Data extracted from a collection
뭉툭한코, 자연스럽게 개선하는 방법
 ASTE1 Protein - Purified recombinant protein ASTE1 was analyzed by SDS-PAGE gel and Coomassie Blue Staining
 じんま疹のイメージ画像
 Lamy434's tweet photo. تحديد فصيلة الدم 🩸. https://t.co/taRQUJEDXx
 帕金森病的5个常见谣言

PROBLEM
You are asked to reproduce word for word the line containing "ASTE1 Protein - Purified" and every subsequent line through the end of the entries.

ANSWER AREA
 ASTE1 Protein - Purified recombinant protein ASTE1 was analyzed by SDS-PAGE gel and Coomassie Blue Staining
 じんま疹のイメージ画像
 Lamy434's tweet photo. تحديد فصيلة الدم 🩸. https://t.co/taRQUJEDXx
 帕金森病的5个常见谣言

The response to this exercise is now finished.